#### ASSIGNED TASK
Return only the lines from the one that contains "Artistic Press-On Nail" through the last line of the records below, exactly as they stand. Pictures are not part of the copy.

[Extracted records]
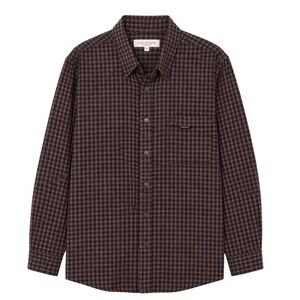 Alex Cannon Mens XL Brown Black‎ Gingham Flannel Button Down Shirt Long Sleeve
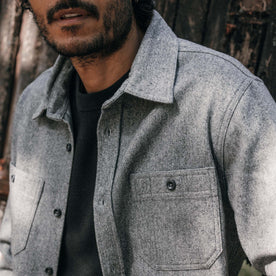 fit model showing the pocket detailing on The Utility Shirt in Ash Donegal Wool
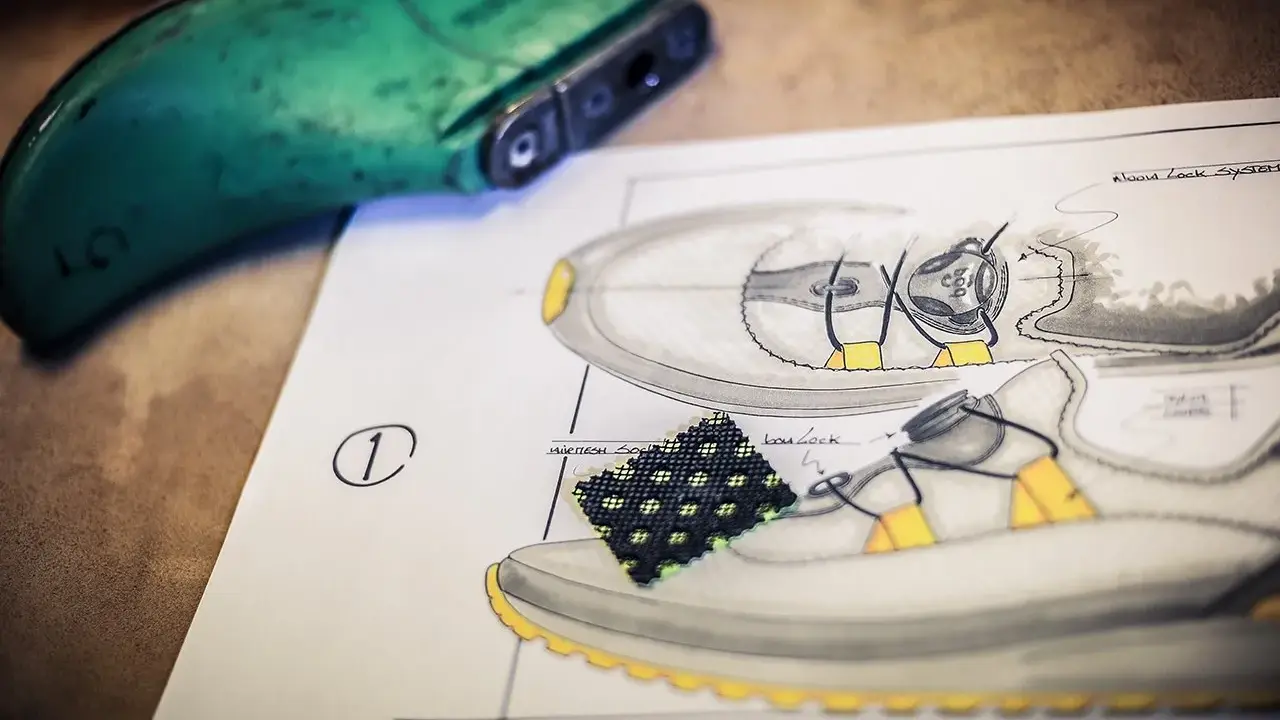Ein Schuhdesigner skizziert einen Sneaker mit Schnürsystem. Ein grüner Schuhleisten liegt daneben.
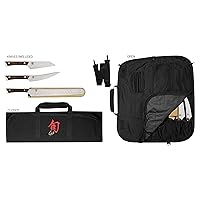Shun Cutlery Kanso 4 Piece BBQ Knife Set, Kitchen Knife Set with Knife Roll, Includes 5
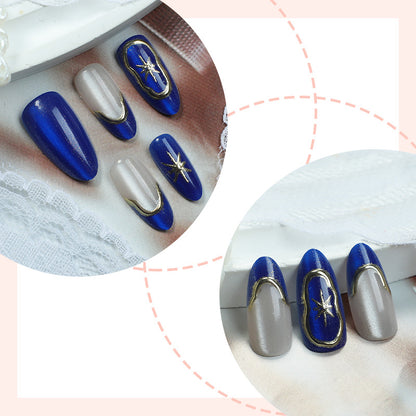 Artistic Press-On Nail Set with Elegant Star Designs Acalora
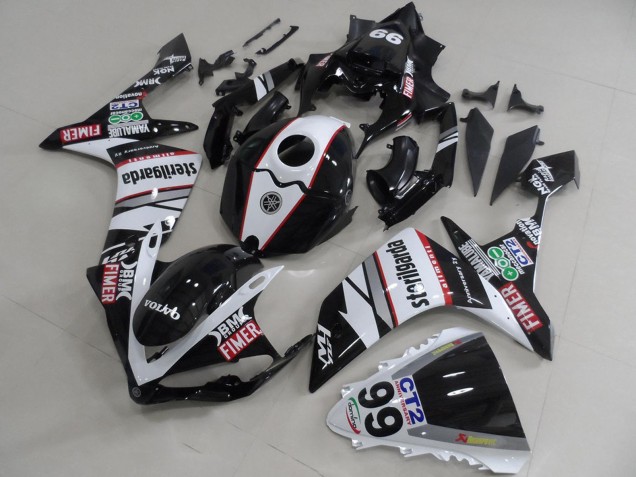Carenados Moto Yamaha YZF R1 2007-2008 - Blanco Negro Rojo Volvo Fimer Sterilgarda Asequibles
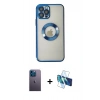 MARSİLYAN™- iPhone 12 Pro Kılıf Pusula Form - Siyah 3D Antistatik Cam Ekran Koruyucu + Neon Fosforlu Kamera Lens - MI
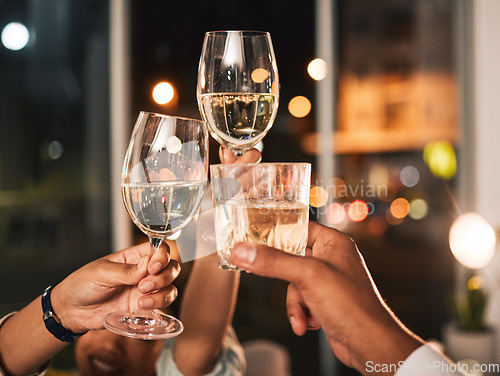 Image of Cheers, wine and glasses with hands and business people at night, celebration of deadline target with collaboration. Alcohol drink, party and winning, toast and overtime with working late and meeting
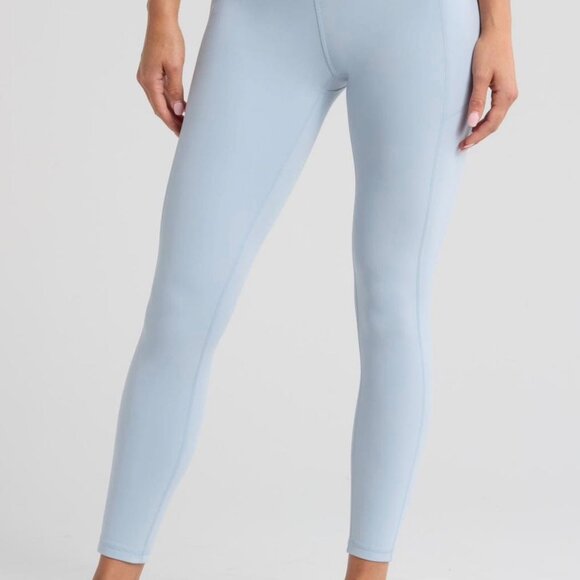 Zella Pants - Zella Studio Luxe High-Waist Pocket 7/8 Leggings – Sky Blue – L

#### ANSWER FOR THE TASK
 Artistic Press-On Nail Set with Elegant Star Designs Acalora
Carenados Moto Yamaha YZF R1 2007-2008 - Blanco Negro Rojo Volvo Fimer Sterilgarda Asequibles
 MARSİLYAN™- iPhone 12 Pro Kılıf Pusula Form - Siyah 3D Antistatik Cam Ekran Koruyucu + Neon Fosforlu Kamera Lens - MI
 Image of Cheers, wine and glasses with hands and business people at night, celebration of deadline target with collaboration. Alcohol drink, party and winning, toast and overtime with working late and meeting
 Zella Pants - Zella Studio Luxe High-Waist Pocket 7/8 Leggings – Sky Blue – L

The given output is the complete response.